The Impact of Information in Cooperative and Noncooperative Systems
Large-scale autonomous systems are systems comprised of many components, each acting according to its own preferences, local information and capabilities. Such systems are ubiquitous in our world and include automated warehouses, UAV swarms, traffic systems, sensor networks, the internet of things, auctions, ridesharing systems, and social networks. We focus on autonomous systems which are engineered: each component is human-designed.
While such systems are attractive because they can process a high amount of data and are generally robust against single points of failure, there are often many challenges in their design. System designers must take into account that each component has its own capabilities, model of the environment, data set, and local objective. Furthermore, the system designer often cannot make decisions for each component at each time step, rather, decision-making rules are assigned to allow components to react autonomously. Small adjustments to such rules can often have cascading effects throughout the system. Finally, the interconnected nature of the system opens doors to new kinds of system-wide attacks and vulnerabilities.
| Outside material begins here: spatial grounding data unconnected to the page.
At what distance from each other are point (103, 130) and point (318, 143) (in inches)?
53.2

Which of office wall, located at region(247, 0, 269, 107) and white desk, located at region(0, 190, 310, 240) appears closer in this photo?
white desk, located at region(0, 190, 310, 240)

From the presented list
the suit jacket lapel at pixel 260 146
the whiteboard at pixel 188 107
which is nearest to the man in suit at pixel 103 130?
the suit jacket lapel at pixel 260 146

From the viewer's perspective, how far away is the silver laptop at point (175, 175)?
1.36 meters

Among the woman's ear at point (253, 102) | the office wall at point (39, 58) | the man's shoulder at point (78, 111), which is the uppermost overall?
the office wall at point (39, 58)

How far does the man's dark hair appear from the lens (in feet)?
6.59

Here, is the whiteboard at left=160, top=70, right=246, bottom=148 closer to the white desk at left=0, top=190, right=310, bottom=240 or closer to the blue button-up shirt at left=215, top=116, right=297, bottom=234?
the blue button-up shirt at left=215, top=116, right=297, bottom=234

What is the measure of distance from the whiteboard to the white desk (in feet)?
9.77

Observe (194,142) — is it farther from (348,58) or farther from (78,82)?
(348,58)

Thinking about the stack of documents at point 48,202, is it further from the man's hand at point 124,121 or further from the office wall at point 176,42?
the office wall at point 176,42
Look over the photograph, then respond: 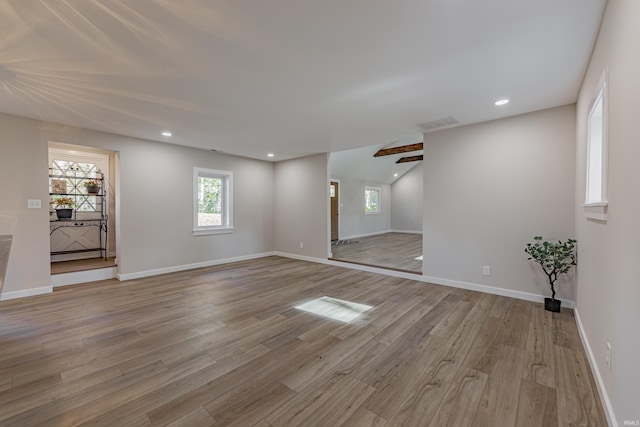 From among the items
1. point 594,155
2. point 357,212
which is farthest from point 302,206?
point 594,155

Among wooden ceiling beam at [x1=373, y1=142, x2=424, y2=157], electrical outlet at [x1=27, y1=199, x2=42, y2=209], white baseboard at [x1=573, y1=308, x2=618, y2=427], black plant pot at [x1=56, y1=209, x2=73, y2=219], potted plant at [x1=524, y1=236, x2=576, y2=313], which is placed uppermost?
wooden ceiling beam at [x1=373, y1=142, x2=424, y2=157]

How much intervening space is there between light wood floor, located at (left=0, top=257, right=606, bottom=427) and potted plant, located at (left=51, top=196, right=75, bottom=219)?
1588 mm

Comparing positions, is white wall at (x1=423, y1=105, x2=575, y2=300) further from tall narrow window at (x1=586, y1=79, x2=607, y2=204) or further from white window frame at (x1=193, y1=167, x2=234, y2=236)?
white window frame at (x1=193, y1=167, x2=234, y2=236)

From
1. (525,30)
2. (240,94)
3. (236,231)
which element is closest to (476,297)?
(525,30)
In this work, we focus on the challenge of information sharing constraints: each agent does not have access to all of the system information at every given time step. These constraints often arise naturally (i.e., no router can access all available data on the internet before making a routing decision), but they can also arise from privacy, trust or political issues. Thus it is imperative for the system designer to understand the relevant information constraints on the system and their effects on the emergent behavior. In this work we endeavor to answer the two following questions:
1. How do a set of information sharing constraints impact the resulting emergent system-wide behavior?2. How can a system designer strategically set decision-making rules for the components to offset any negative effects caused by information sharing constraints?
We answer the first question by assuming that the emergent behavior is a system equilibrium, and then comparing the value of the worst-case equilibrium to the value of the optimal decision set, where value is based on the system designer objective. Different types of information sharing constraints among the components are evaluated on this basis. We answer the second question in certain settings by showing that small deviations from standard decision-making rules can improve the system's performance guarantees.
These questions are addressed in two settings: first in a cooperative setting, where the system designer can design the decision-making rules for each agent. The system designer objective function is assumed to be submodular, and this property is leveraged to show closeness of equilibrium to optimal. The second is a noncooperative setting, where the system design must operate in the presence of an attacker. Here, the constraints on information sharing are related to how much knowledge about the attacker the other players have.